Typically, modeling is not just about the end product itself. Instead, designers model the architecture, the domain and the solution, in the process of arriving at a model of the product. Each of these can be looked at and modeled in a recursive fashion. And increasingly, with component-based and iterative development, and the focus on reuse at every level, modeling will build on previously developed models by means of refinement and refactoring instead of being an exercise in reinventing the wheel.

10.4.1 Architecture

As an abstraction, an architecture provides a high-level view of the system or portions of the system. It highlights the most important elements and key features of a system and provides a framework for the details. It is not the design (or as Jacobson, Griss, and Jonsson [1997] maintain, the design is not just the architecture). Rather, it is the embodiment of the strategic decisions around organization and structure for a given technical or business solution.

For a system, architecture is recursive: a system embodies an architecture and also reflects exogenous architectures of different types, such as the enterprise architecture and the network architecture.
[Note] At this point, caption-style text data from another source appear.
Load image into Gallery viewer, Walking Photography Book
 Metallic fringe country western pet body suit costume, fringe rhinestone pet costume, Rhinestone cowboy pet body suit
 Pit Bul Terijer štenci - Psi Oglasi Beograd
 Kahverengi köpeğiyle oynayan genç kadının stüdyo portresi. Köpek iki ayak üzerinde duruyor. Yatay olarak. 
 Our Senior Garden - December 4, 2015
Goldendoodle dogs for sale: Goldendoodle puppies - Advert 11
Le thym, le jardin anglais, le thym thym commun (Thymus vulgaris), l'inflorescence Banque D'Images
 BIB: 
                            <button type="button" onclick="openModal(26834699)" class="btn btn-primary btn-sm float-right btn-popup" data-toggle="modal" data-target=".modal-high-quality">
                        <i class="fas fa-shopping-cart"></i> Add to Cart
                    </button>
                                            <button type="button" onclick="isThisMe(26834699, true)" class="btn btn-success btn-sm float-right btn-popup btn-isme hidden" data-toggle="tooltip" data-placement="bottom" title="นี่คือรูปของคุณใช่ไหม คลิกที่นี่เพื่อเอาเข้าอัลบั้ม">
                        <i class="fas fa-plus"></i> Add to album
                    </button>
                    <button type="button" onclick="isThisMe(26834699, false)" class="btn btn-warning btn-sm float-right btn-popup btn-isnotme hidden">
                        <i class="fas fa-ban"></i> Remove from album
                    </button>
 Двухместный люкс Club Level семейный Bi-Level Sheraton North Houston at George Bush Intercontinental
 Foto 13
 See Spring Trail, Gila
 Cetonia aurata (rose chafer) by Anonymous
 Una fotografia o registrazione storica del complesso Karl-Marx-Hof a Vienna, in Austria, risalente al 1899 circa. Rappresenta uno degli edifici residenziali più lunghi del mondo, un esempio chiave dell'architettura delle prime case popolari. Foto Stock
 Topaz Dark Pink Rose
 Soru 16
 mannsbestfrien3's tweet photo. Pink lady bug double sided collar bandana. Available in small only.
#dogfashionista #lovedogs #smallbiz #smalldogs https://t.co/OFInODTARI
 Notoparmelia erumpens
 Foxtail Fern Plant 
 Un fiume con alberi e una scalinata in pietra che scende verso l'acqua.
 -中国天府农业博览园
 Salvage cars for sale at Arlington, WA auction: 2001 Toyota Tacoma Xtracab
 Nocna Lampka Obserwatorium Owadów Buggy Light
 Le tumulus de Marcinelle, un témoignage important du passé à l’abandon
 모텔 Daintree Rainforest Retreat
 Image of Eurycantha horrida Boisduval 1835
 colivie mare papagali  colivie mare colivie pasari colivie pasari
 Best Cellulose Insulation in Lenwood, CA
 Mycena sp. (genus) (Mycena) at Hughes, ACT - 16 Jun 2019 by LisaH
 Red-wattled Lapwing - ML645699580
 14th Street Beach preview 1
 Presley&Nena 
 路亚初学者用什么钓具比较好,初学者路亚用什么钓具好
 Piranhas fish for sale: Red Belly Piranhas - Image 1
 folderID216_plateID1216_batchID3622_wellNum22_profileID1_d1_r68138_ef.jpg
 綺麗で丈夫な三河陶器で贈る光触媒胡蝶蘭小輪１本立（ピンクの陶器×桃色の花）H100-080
In fact, architecture provides a "context for the systematic integration of IT into business and a conceptual framework for thinking about the business itself" (Wladawsky-Berger 1999, 449) that facilitates strategic alignment and functional fit.

At the level of an application, an architecture is a structured representation of the pieces of a system and the connections between them. It may include dynamic elements (explanations of behavior) as well as static elements (explanations of organization). It is not the system design; as Philippe Kruchten writes: "Architecture is what remains when you cannot take away any more things and still understand the system" (1998, 78).

It is multi-leveled and loosely recursive. For example, the architecture of an application is constrained by the technical architecture of its target environment and shaped by the enterprise architecture it services. In turn, the technical architecture may be made up of a network architecture, a service architecture, a workstation architecture and more.

An application may be a packaging of components. Each component might have an architecture itself if coarse-grained, or it may adhere to an architectural framework that provides the key standards for its development and use. In most cases, this architecture will be standardized; Enterprise JavaBeans is an example. Component purchases will more than likely need to be managed through contracts that specify architecture as well as services and interfaces because only the architecture can provide a measure of the complexity of a component, and therefore a handle on the risk.

The multiple uses of the term architecture in systems actually cover three similar but different ideas: architecture itself, framework, and topology. The UML metamodel I described briefly is a good (although abstract) example of an architecture model. A framework is narrower in scope, typically covering a specific domain or even an application: a financial suite architecture would be one example. Finally, a topology is more like a map; a network architecture showing the deployment of LANs and routers would be an example.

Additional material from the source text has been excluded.